Pero cuando un problema surge, lo más usual es que éste no sea más que la muestra de que hay algo mayor: realmente algo pasa dentro de la CNDH. Desde que Rosario Piedra Ibarra fue nombrada por Andrés Manuel López Obrador como presidenta de la CNDH en noviembre de 2019 nunca ha operado como tal, sino que es Francisco Estrada Correa, secretario ejecutivo, quien ha tomado las riendas, aseguran empleados y exempleados. Desde su silla él da órdenes de qué casos atender y cuáles no, quitando su autonomía a los visitadores; además de manejar la nómina a capricho.

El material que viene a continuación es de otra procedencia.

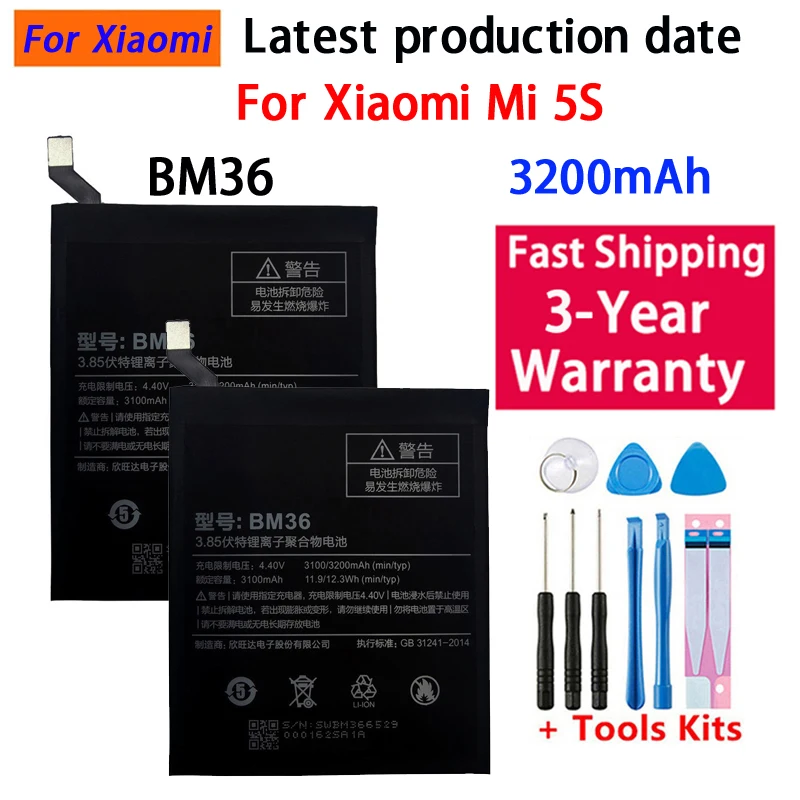 Batería de reemplazo original 100% para Xiaomi BM36 para Xiaomi Mi 5S MI5S, batería de teléfono auténtica nueva 3200mAh + envío rápido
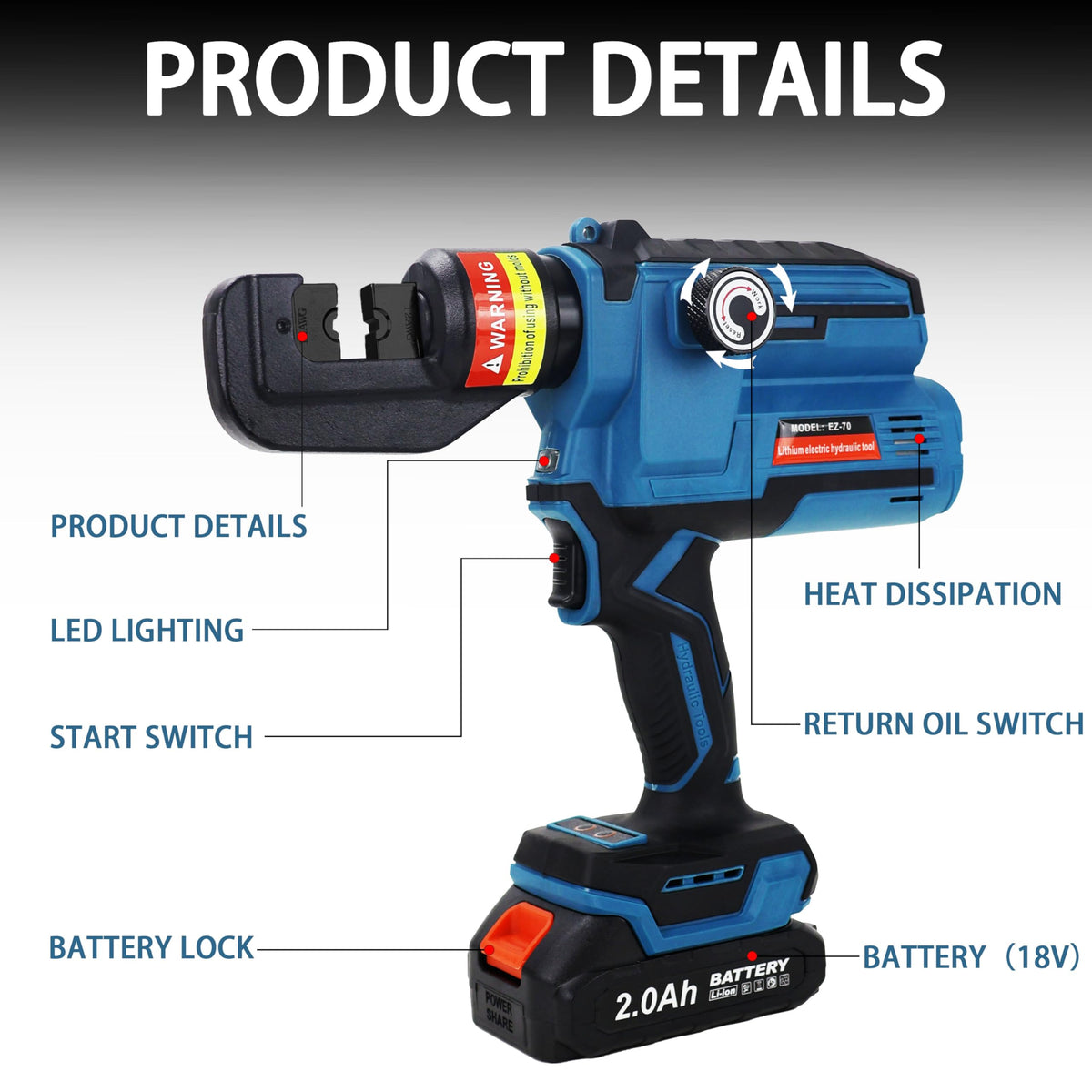 Electric Hydraulic Cable Lug Crimping Tool, 12 AWG to 2/0 AWG Terminal, Cable, Wire Electric Crimper Tool Kit, Battery Crimp Tool Kits with 20 Dies(12AWG~00AWG) and Spare tools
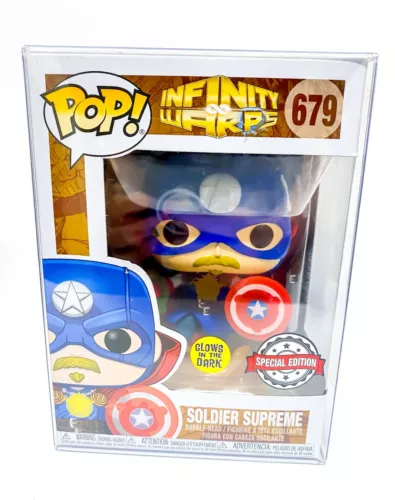 Marvel Infinity Warps Soldier Supreme 679 GITD SE Funko Pop with Pop Protector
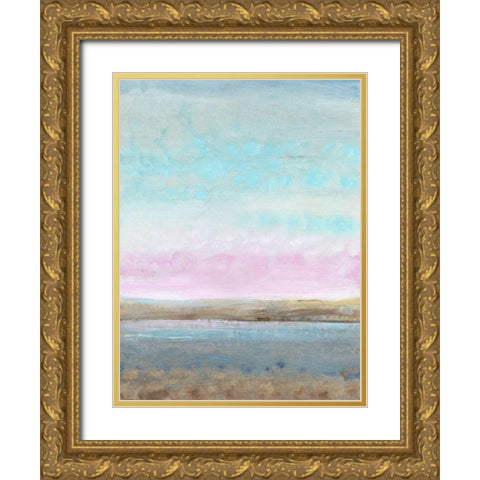 Pink Horizon I Gold Ornate Wood Framed Art Print with Double Matting by OToole, Tim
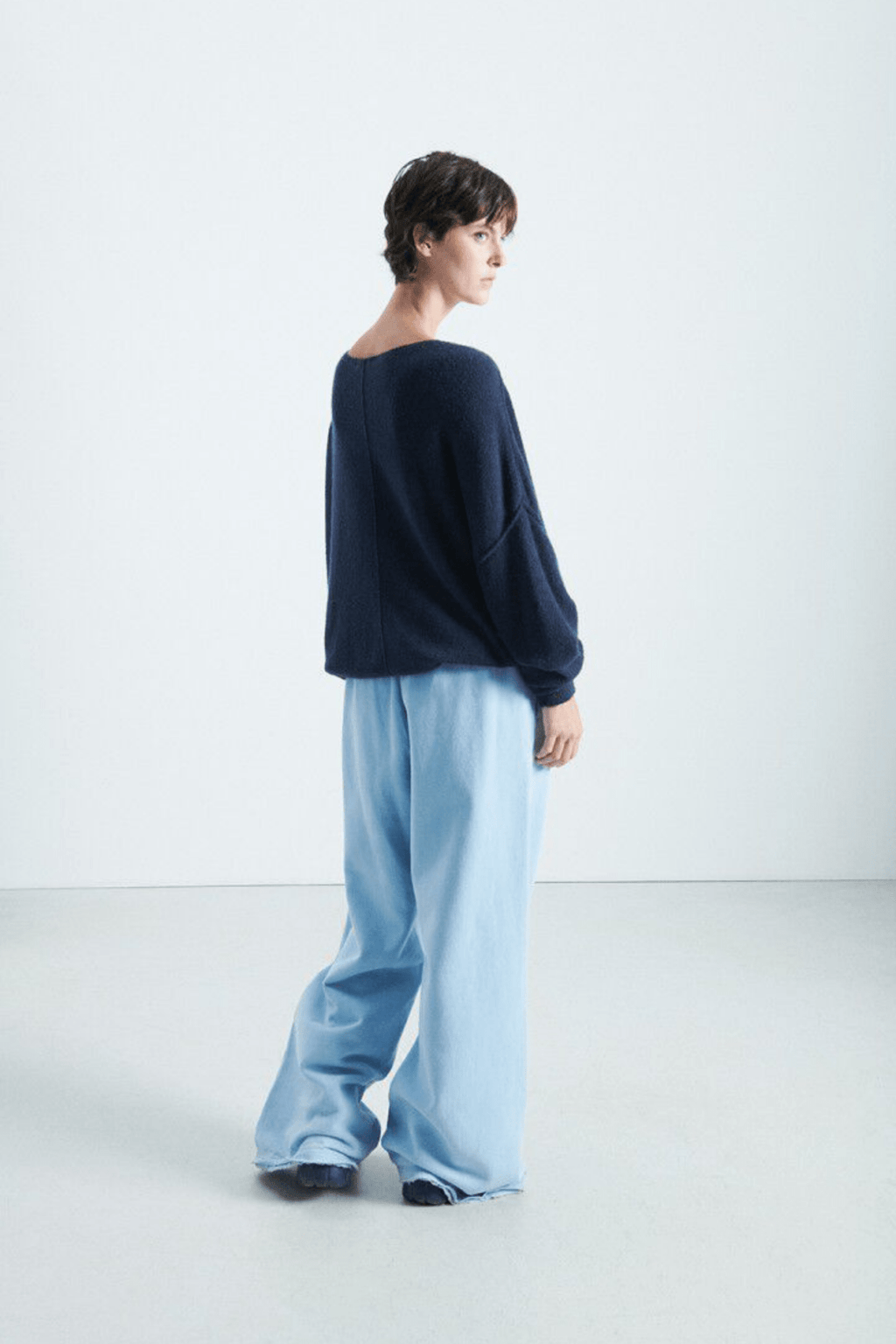 American Vintage Women's Damsville Jumper in Navy Blue Black Melange - Dotique - American Vintage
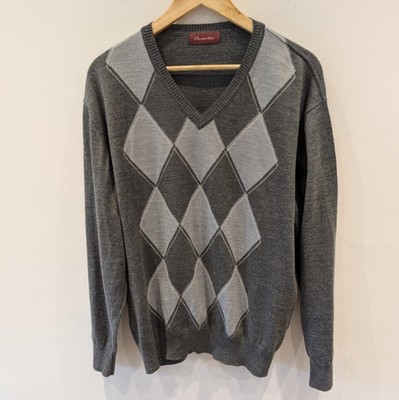 EMIDIO TUCCI Argyle V-Neck Jumper Sweater Grey Wool Blend Size L Vintage VGC 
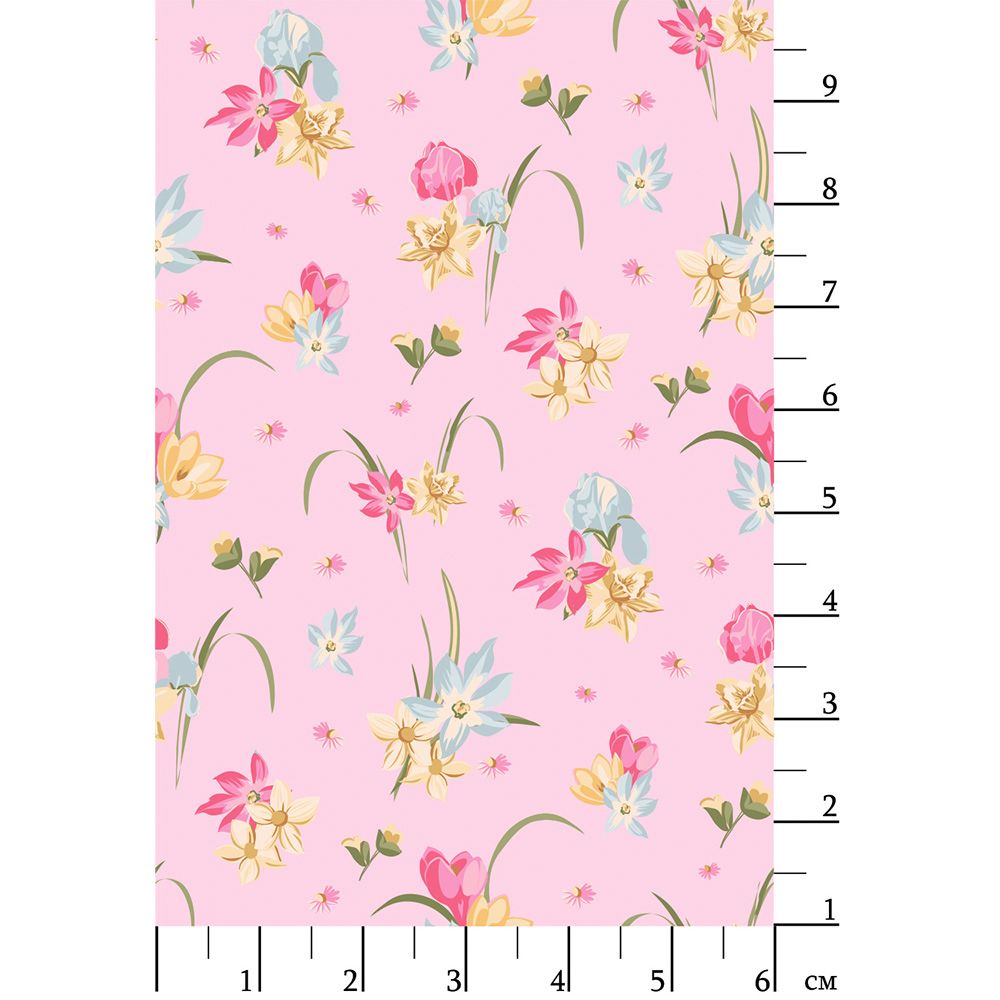 Ткань для пэчворка Peppy Весенний этюд, отрез 50х55 см, 146 г/м², ВЭ-15 розовый, Peppy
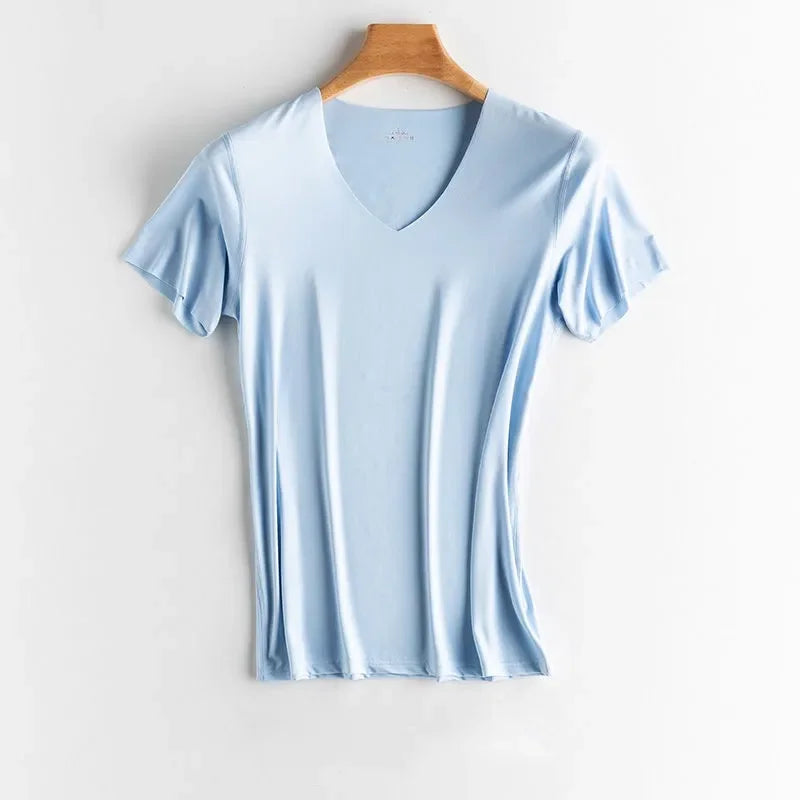T-Shirt en Soie Glacée Respirant Sans Couture à Col V - Idéal pour l'été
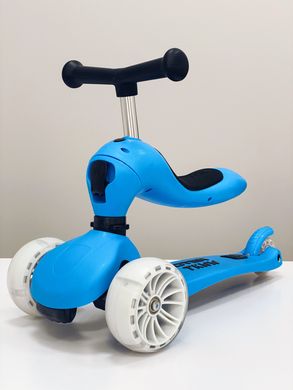 Триколісний Самокат беговел дитячий Scooter Трансформер - 2 в 1 - Blue (sc1120)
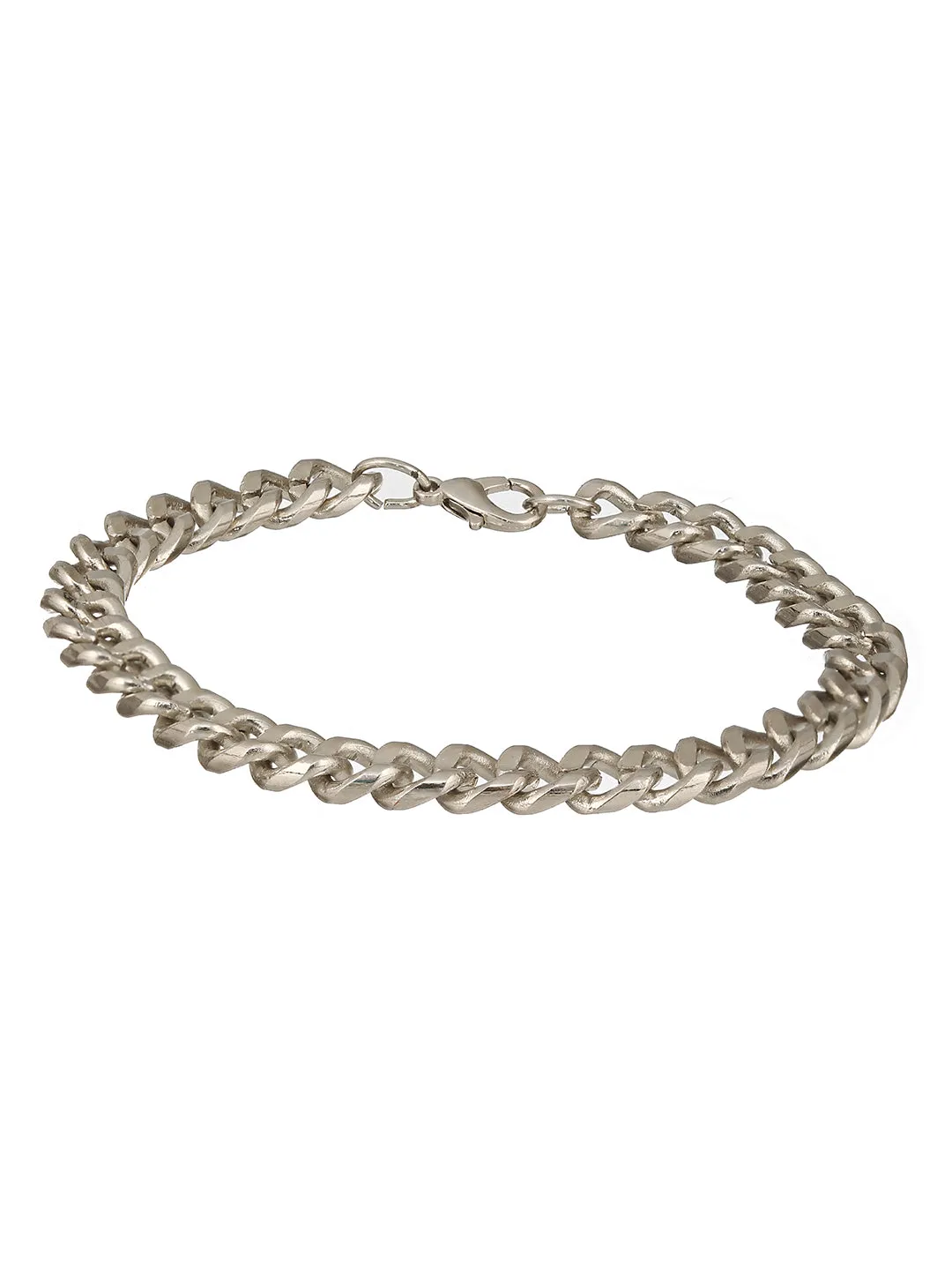 Men 3 Silver-Toned & Black Silver-Plated Bracelet
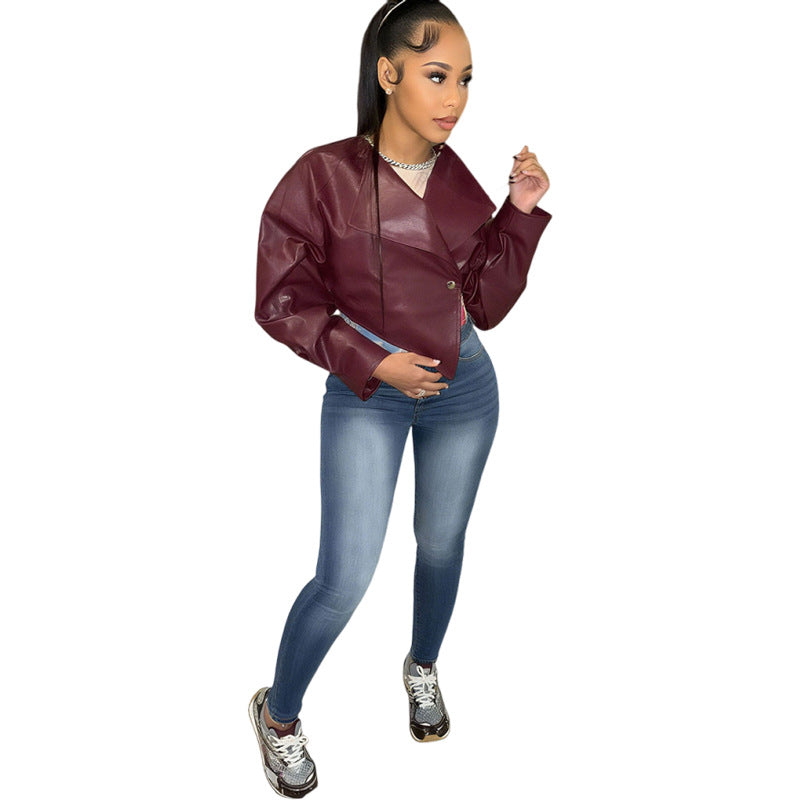 SXR summer fashion waist-controlled navel PU leather solid color casual jacket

Varios extrabajadores aseguran que les llegaron mensajes vía WhatsApp o correo electrónico para amenazarlos con despidos o directamente notificarles su salida.
A la señora Kabata personal de la CNDH le reconoció haber acatado órdenes de “rasurar” el expediente para que no saliera la recomendación. A Estrada le molestó que el oficial mayor fuera exhibido en el video y —ante la presión pública— dado de baja.
Como si los derechos humanos dependieran del humor, filias o fobias de un funcionario. Como si no fuera triplemente vergonzoso ver que nuestras víctimas son maltratadas, agredidas y luego ignoradas por pedir justicia. Como si en México el Estado le hubiera dado una espalda definitiva a quienes recurren a las últimas instancias a exponer su dolor y solicitar ayuda. Una pena.